Approach drastically reduces fiber link bandwidth, maintains signal fidelity for multiple 5G formats
WASHINGTON - Although new 5G networks can offer much faster and more efficient wireless data transfer, the fiber optic networks currently used to connect wireless devices to the internet cannot easily support the increased load. A new study shows that a compression scheme for radio-over-fiber links could help solve this problem for a variety of 5G formats.
Paikun Zhu from The Graduate School for the Creation of New Photonics Industries in Japan will present the new results at The Optical Society (OSA) 2020 Advanced Photonics Congress, an all-virtual meeting to be held 13-16 July Eastern Daylight Time.
"This new compression approach could be helpful in 5G large-scale MIMO scenarios where many devices are to be served, but only inexpensive and low-bandwidth fiber links are affordable while low latency is needed," said Zhu.
Connecting a wireless device to a network or the internet requires a radio access network. The newest radio access network architecture consists of centralized units that use fiber optic links - referred to as fronthaul - to connect to standalone radioheads that transmit radio signals from cell sites some distance away. Traditional 4G fronthaul schemes cannot support 5G radio access networks at a reasonable cost because it would require extremely high fiber bandwidths.
To cope with this bandwidth problem without upgrading the fronthaul fiber links, Zhu and colleagues previously developed an analog-to-digital, radio-over-fiber compression scheme designed to reduce frontload bandwidth by about 10-fold. Radio-over-fiber technology is used to transmit cellular radio signals over optical fibers.
Real-time, multi-format experiments
In the new work, the researchers tested their compression approach in real-time experiments using multiple 5G formats. They did this by using a field programmable gate array integrated circuit to perform compression on three 5G radio formats: orthogonal frequency division multiplexing (OFDM), single-carrier FDM (or discrete-Fourier-transform-precoded OFDM) and filtered OFDM.

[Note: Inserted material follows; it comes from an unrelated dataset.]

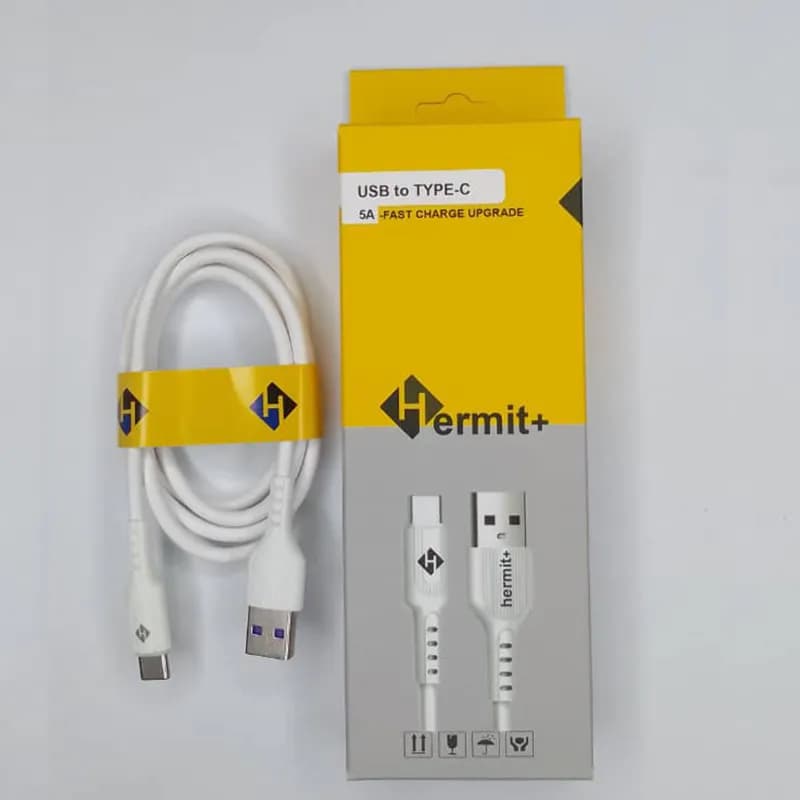 کابل فست شارژ 5 آمپر USB To Type-c مدل H-09 برند Hermit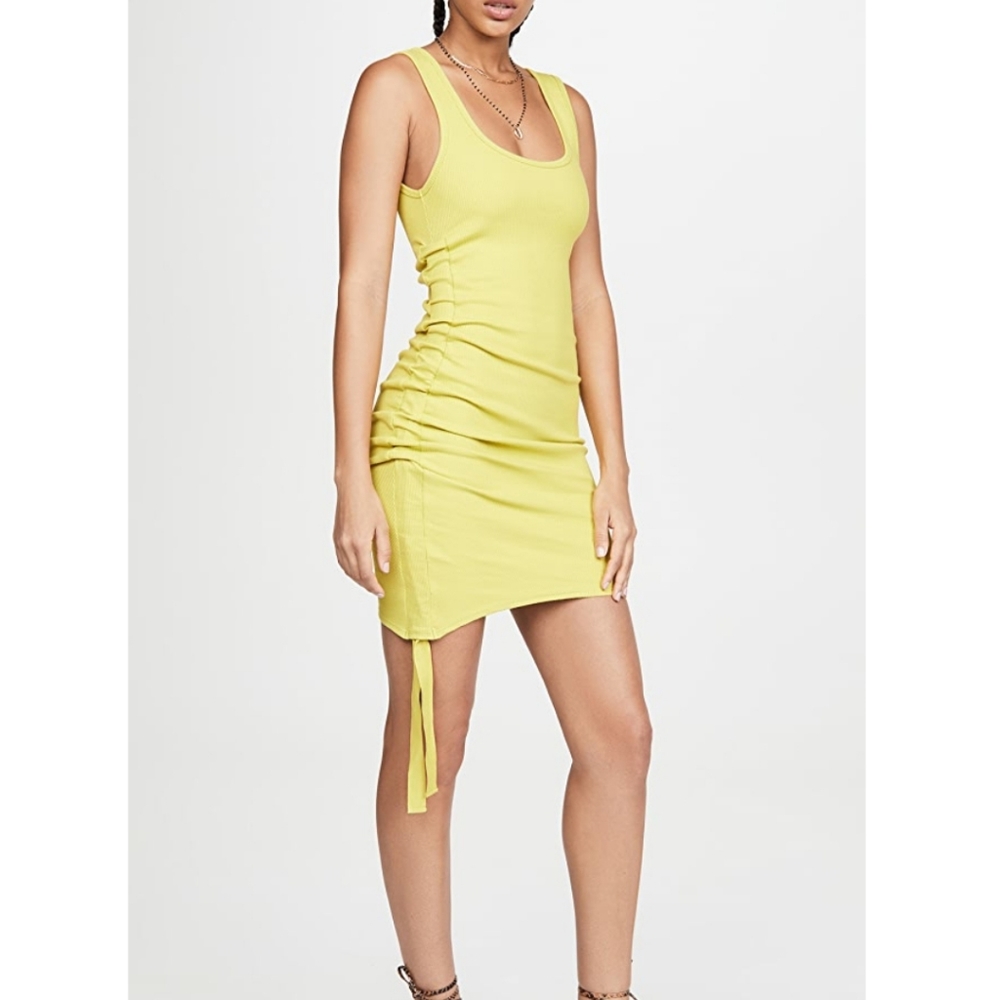 Cinq a Sept Lime Yellow Mini Dress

They found that the compression scheme successfully reduced fronthaul bandwidth by nearly 90 percent. The compression maintained high signal fidelity regardless of the radio format, showing that the approach is compatible with various candidate radio formats in 5G and could work with other formats developed in the future.
Overall, the experimental results indicate that new analog-to-digital-compression scheme for radio-over-fiber has the potential to be deployed in multiple scenarios or areas with 5G networks without requiring hardware modifications.
Future interests include generalizing the compression approach for other wireless channels such as those obtained by real measurements, and investigating the combination with 5G multi-cell coordination technology.